Monday, February 25, 2013
Visual Literacy and image events
Deluca (Making Waves) makes sense, in that he criticizes authors for being neglectful of rhetorical analysis of images. “We must recognize that the conversation of the culture is centered not in the New York Review of Books but in the television experience.” He goes to explain that in this new media environment we need to a new framework to analyze the completeness of the television. At the time he wrote the article visual analysis was still being viewed through a prism of print.
The intellectual dissection of television and film isn’t comfortable to most people and particularly so at the time the articles were written. The general population didn't have the framework to do it. They were still thinking about the print medium as the medium suitable for analysis. I think it’s an easier medium for analysis, the purpose of print is a straightforward clarity, and that isn’t the case for film/television.

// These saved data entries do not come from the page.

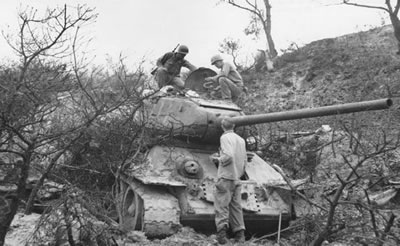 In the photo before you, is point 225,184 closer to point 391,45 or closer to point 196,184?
point 196,184

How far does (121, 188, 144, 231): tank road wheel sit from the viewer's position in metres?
8.48

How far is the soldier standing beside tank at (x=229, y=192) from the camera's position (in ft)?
25.8

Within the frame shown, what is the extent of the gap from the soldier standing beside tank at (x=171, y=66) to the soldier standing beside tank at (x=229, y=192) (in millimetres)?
2871

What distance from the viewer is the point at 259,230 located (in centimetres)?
893

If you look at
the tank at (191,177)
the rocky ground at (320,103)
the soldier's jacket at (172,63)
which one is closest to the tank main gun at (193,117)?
the tank at (191,177)

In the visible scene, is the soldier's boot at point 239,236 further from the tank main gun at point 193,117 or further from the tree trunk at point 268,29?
the tree trunk at point 268,29

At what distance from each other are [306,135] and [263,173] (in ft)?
19.5

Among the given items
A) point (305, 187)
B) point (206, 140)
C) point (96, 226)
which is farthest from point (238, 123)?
point (96, 226)

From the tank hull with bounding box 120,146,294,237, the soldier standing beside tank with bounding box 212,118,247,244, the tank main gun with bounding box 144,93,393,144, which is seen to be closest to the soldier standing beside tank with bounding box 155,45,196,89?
the tank main gun with bounding box 144,93,393,144

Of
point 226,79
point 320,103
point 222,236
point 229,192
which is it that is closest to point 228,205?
point 229,192

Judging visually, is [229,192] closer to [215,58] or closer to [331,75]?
[215,58]

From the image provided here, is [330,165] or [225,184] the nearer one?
[225,184]

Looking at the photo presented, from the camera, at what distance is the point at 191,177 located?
8.74m

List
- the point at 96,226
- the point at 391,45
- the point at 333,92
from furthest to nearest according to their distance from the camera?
1. the point at 391,45
2. the point at 333,92
3. the point at 96,226
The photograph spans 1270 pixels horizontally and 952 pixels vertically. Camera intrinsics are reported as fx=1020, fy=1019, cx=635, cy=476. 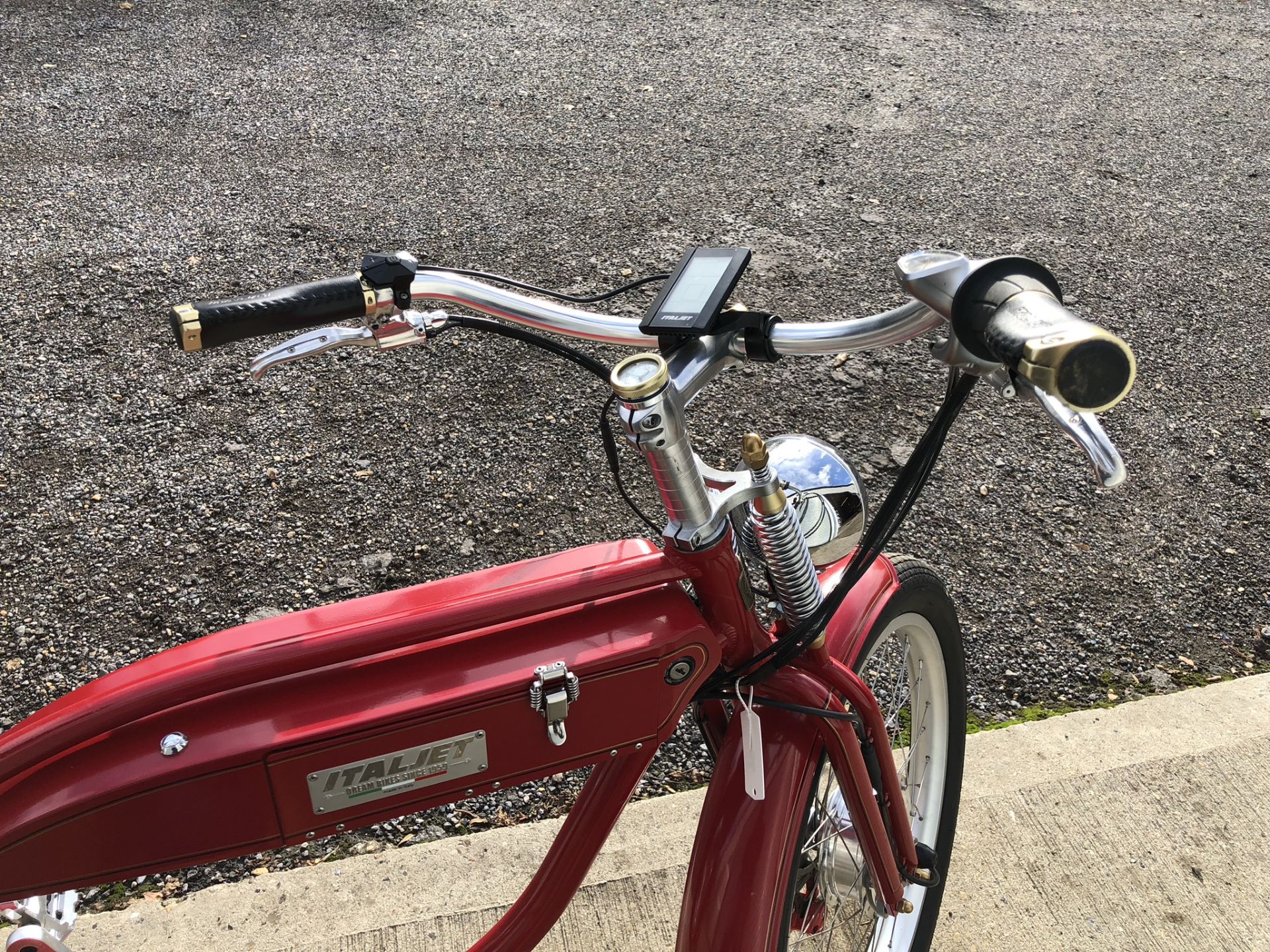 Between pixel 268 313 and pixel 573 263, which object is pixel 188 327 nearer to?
pixel 268 313

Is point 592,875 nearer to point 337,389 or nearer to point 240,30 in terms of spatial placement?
point 337,389

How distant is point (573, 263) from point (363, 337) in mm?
3000

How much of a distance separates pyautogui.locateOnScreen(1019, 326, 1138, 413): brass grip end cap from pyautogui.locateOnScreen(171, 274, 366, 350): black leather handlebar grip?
0.75 m

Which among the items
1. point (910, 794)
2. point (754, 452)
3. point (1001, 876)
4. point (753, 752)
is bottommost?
point (1001, 876)

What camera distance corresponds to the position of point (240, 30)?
232 inches

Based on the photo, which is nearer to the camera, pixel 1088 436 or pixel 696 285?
pixel 1088 436

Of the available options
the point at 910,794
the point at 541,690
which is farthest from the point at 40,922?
the point at 910,794

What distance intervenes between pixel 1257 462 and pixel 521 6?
16.4 feet

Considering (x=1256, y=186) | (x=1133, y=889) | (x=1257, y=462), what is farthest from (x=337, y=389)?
(x=1256, y=186)

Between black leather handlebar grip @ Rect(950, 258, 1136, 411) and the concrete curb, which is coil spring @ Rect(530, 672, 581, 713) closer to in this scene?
black leather handlebar grip @ Rect(950, 258, 1136, 411)

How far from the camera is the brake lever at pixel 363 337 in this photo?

It may be easier to make the case in the future. The digital revolution has transformed the average person from a media consumer into a media producer and gives them a better concept of creation and the intellectual framework for media analysis. An average person today takes 1000 times more photos and video than they would have twenty years ago and there is a similar increase in participation in digital design and layout. Its bringing visual literacy to unprecedented levels in our society, and especially in the instances of “image events.” So maybe our experience as content creators reduces some of the passive visual experiences and makes visual literacy as important in society today as written literacy was in the past.